PROBLEM: Look through the data below for the line with "TUSSE Класична сорочка" and the line with "Modern Peel and", then output those two and all lines in between, exactly as written.

INFORMATION:
- Opening Delimiter -

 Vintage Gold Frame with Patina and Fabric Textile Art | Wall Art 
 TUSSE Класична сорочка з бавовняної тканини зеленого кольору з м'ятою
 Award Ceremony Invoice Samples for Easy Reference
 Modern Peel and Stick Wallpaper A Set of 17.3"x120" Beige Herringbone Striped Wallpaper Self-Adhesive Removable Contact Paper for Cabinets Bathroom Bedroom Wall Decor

- Closing Delimiter -
- Opening Delimiter -

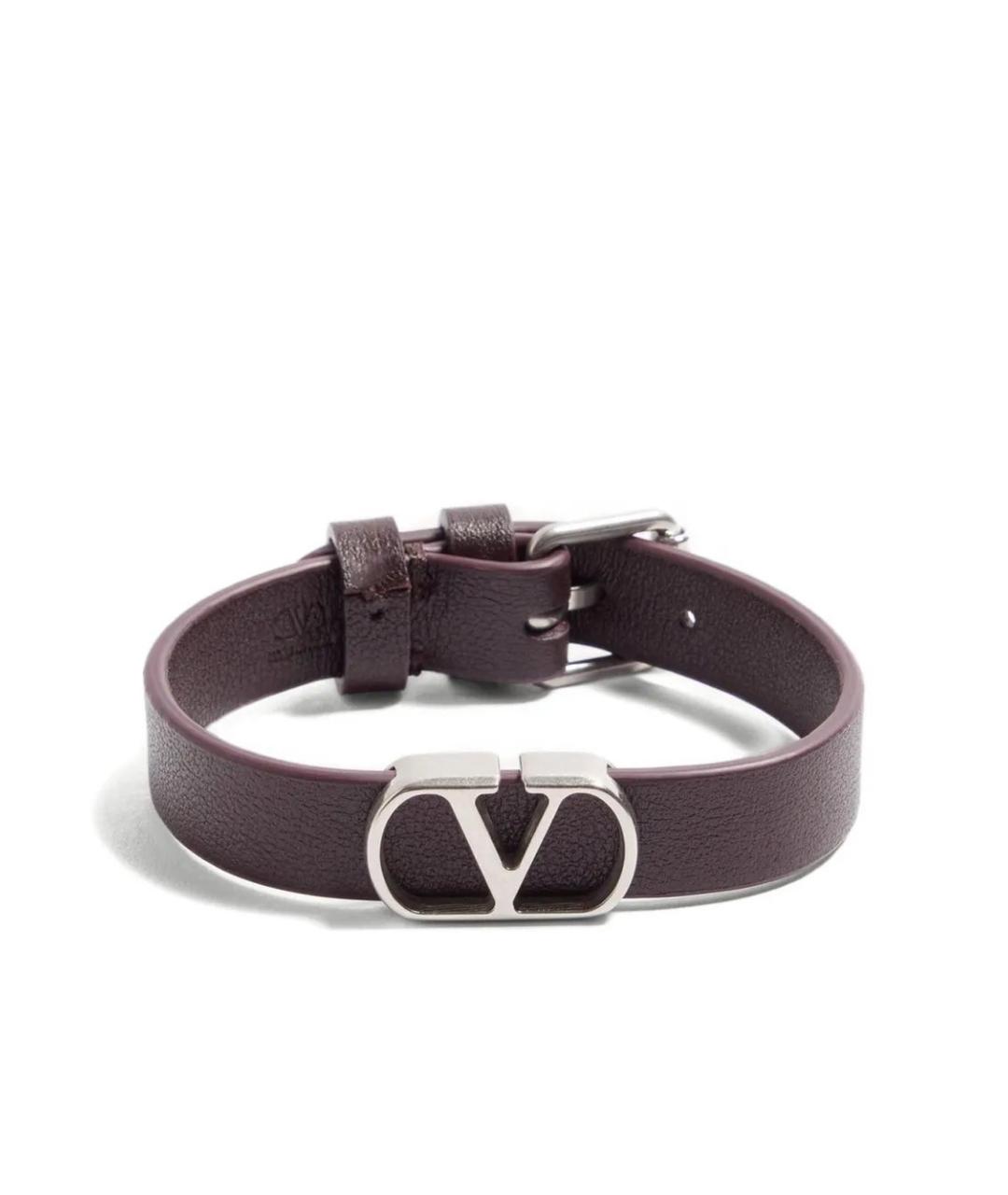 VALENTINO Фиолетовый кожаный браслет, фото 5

- Closing Delimiter -

ANSWER BOX:
 TUSSE Класична сорочка з бавовняної тканини зеленого кольору з м'ятою
 Award Ceremony Invoice Samples for Easy Reference
 Modern Peel and Stick Wallpaper A Set of 17.3"x120" Beige Herringbone Striped Wallpaper Self-Adhesive Removable Contact Paper for Cabinets Bathroom Bedroom Wall Decor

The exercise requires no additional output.